Every Good Morning

Dictators have no time for Tragedy.

In their blinkered, paranoid certitude, why would they want to watch a play about the fall of someone mighty.

Tragedy is tied to Athenian democracy. As a recent professor of mine said, “It was a democratic form for a democratic audience,” an audience so often restive, even riotous, that “rod holders,” theater police were required to keep order. It is helpful to remember that the theater and the battlefield were both called the “dancing floor.” 

For Athenians, Tragedy was not an escape, a morning or afternoon spent forgetting about life outside the Theatron. Tragedy was an extension of their democracy where the polis came together to watch plays that described and illuminated their identity as Athenians.

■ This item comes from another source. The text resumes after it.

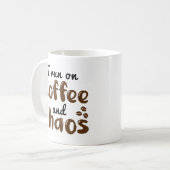 Ik loop op koffie en chaos koffiemok (Voorkant links)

The Gods and chance rule over their Tragic worlds, forces which human beings cannot control, but human agency is the third element of these plays. The Sun God, Helios, sends a chariot and flying horses to take Medea away from justice after her murders. A herdsman, just happening upon him, rescues Oedipus as a baby abandoned to die. But Medea, clear headed and clear sighted in every instance, also chooses her many murders. Without knowing where it will end, Oedipus relentlessly searches out the origin story of how he came to be King.

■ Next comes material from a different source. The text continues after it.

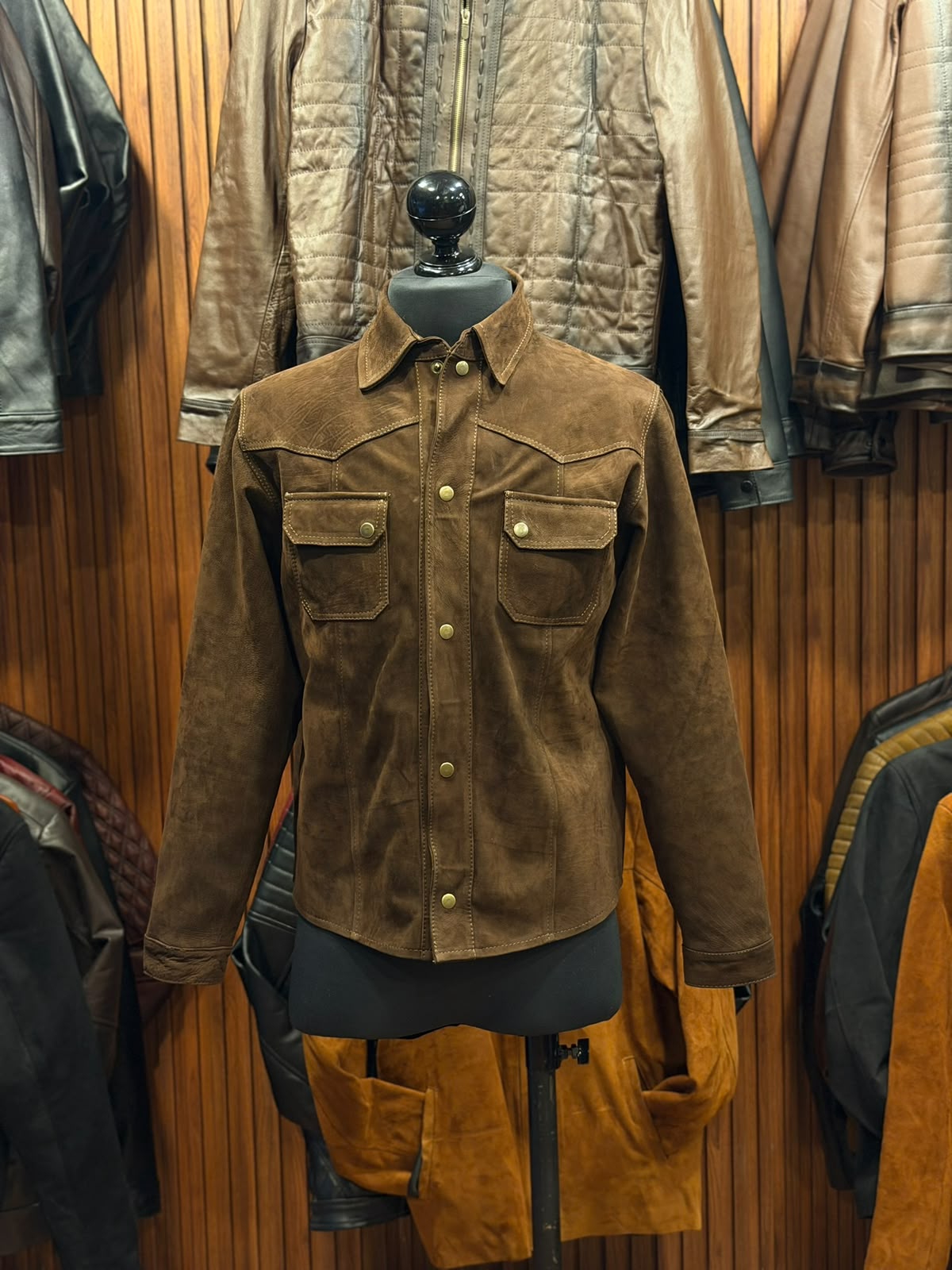 Camisola Nobuk Tabaco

Many of the tragedies of Aeschylus, Sophocles and Euripides are “coming to know” plays. Characters undergo an entrance into knowledge, often a knowledge the audience already possesses, thus heightening the dramatic irony. What those characters come to know creates suffering and out of that suffering comes revelations, theirs and the audience’s as well. Catharsis requires an individual to acknowledge often painful truths.

Why would any dictator want any of that? What use does a dictator have for catharsis?